Walk-in Location Requirements

Walk-in coolers are highly customizable pieces of refrigeration equipment, capable of being built into oddly-shaped spaces in rooms of nearly any size. They can also be placed outside, and their condensing units can be located with the cooler itself or remotely, like on the roof of the building. This flexibility in size, shape, and location can make specifying the right options tricky, and one aspect that many don't consider is geographic location. Even if the walk-in will be installed inside, your location may still have an impact on the accessories and build required.

Average Temperature

One of the first issues you will need to consider when selecting a walk-in refrigerator or freezer is the average ambient temperature where it will operate. For most indoor applications, walk-ins are made to operate in ambient temperatures of 90 degrees Fahrenheit or lower, while outdoor refrigeration is rated for temperatures as high as 120 degrees Fahrenheit, though the standard is closer to 100.

In especially hot regions, walk-ins have to be made to withstand greater temperatures. Even an indoor unit with its condenser on the roof of the building may require more powerful refrigeration, while outdoor boxes may need additional insulation. The areas these conditions apply to are defined by temperatures gathered by the American Society of Heating, Refrigerating, and Air-Conditioning Engineers (ASHRAE), and include much of California, Nevada, Arizona, New Mexico, and Texas.
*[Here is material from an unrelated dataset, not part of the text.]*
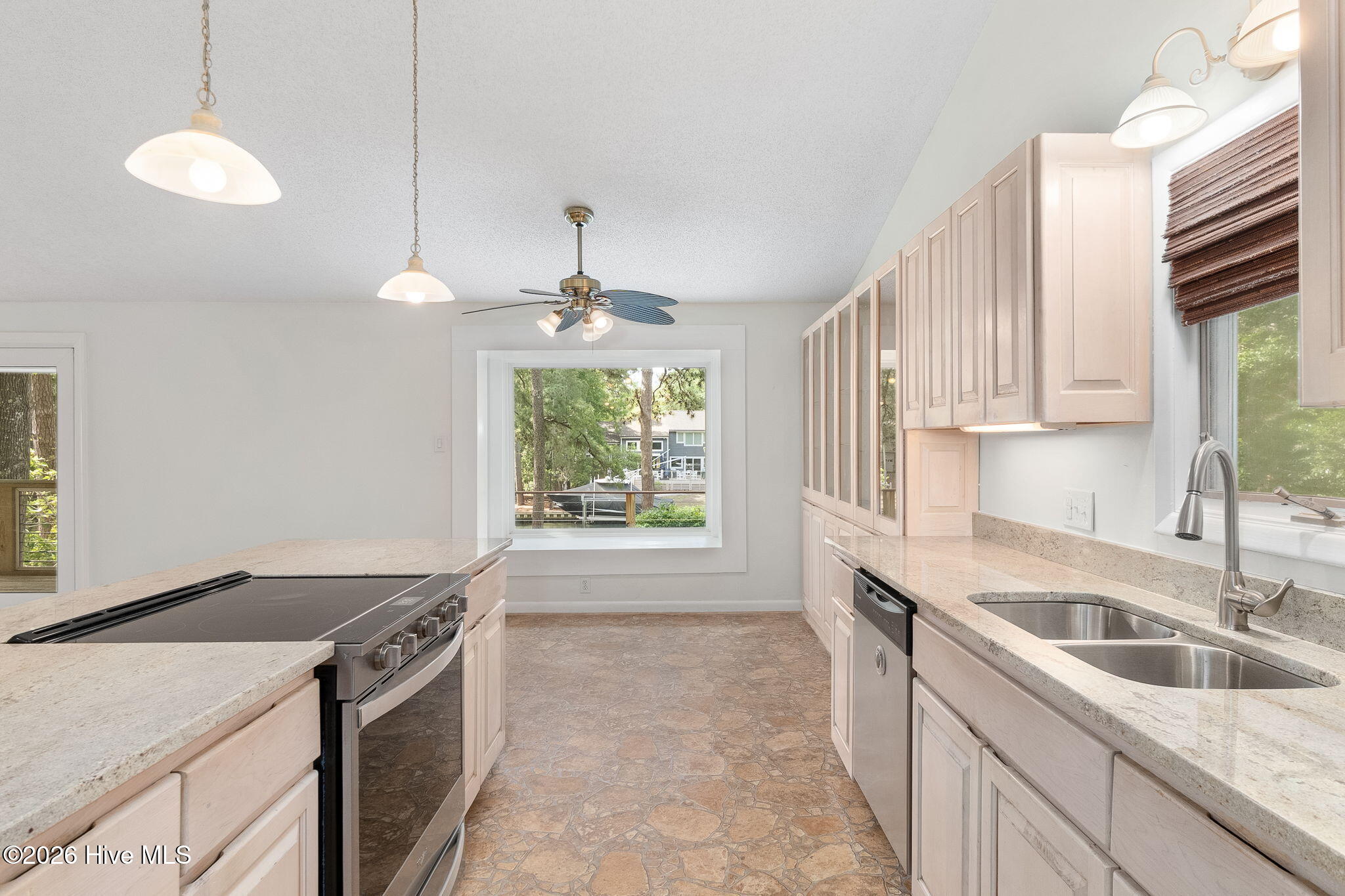 121 White Ash Drive,Pine Knoll Shores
See the temperature chart below to find the average high temperatures in your location.

Extreme Conditions

Some parts of the country are occasionally subject to severe weather like hurricanes and blizzards, so walk-in refrigeration in those locations must be built to withstand those circumstances. For example, coastal areas, especially those along the Southeast's Atlantic coast and along the Gulf of Mexico, will need to be able to withstand hurricane-force winds if they are installed outside. The wall panels will require additional locking mechanisms and extra anchors to secure them to the slab. Depending on the local building codes, there may be a limit on how large the unit can be and it may also be necessary to flash the unit to the building for additional stability.

For locations that get substantial amounts of snow, having a sloped roof is very important. Sloped roofs are made at angles that allow heavy snow loads to slide off, instead of building up to dangerous weights.
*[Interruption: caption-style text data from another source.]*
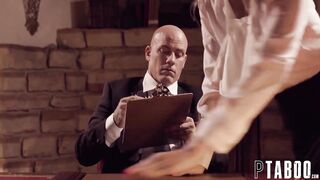 Jill Kassidy In The Secretary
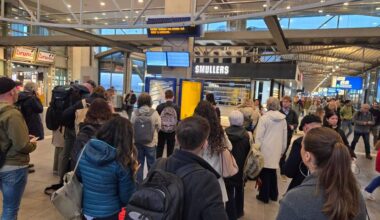 Drukte in de ochtend station Den Bosch (foto: Noël van Hooft).
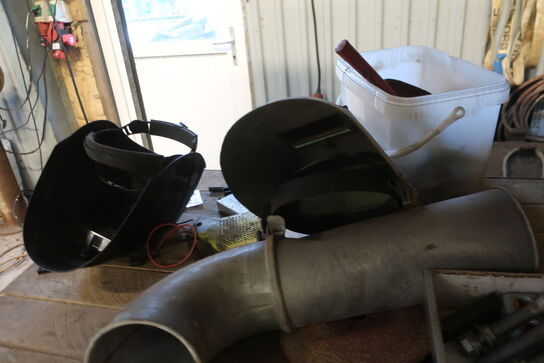 2 stk. reoler inkl. indhold (se billeder)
Another factor that must be taken into account is seismic activity. Because earthquakes affect the interior of the unit as much as the exterior, all walk-in coolers installed in areas prone to them must be built to withstand temblors, regardless of whether they are installed indoors or outdoors. There are no hard and fast rules about what changes should be made to make a cooler more stable, but each municipality or county will have building codes that must be taken into account. In California, where earthquakes are common, many counties refer back to the Los Angeles Research Reports, which evaluates structures and approves them for use in the city. Once a unit is evaluated, changes such as additional anchors or different building materials may be needed.

Any walk-in cooler installed outdoors will require a membrane roof if it will not be under an existing roof. The membrane roof is made out of rubber to help repel rain and debris, and the rubber is usually white to deflect heat. A rain hood, also called a drip cap, extends out over the door to help prevent rain from making it into the unit when the door is opened.

Local Codes

The most important step to take when planning to install a walk-in cooler is checking your local building codes. If you are working with a general contractor, it is wise to speak with him or her throughout the process, as well. Local codes may dictate the width of the door, where a ramp may be placed, or how large an outdoor walk-in can be. There may also be rules about where locks can be placed and where alarms are required.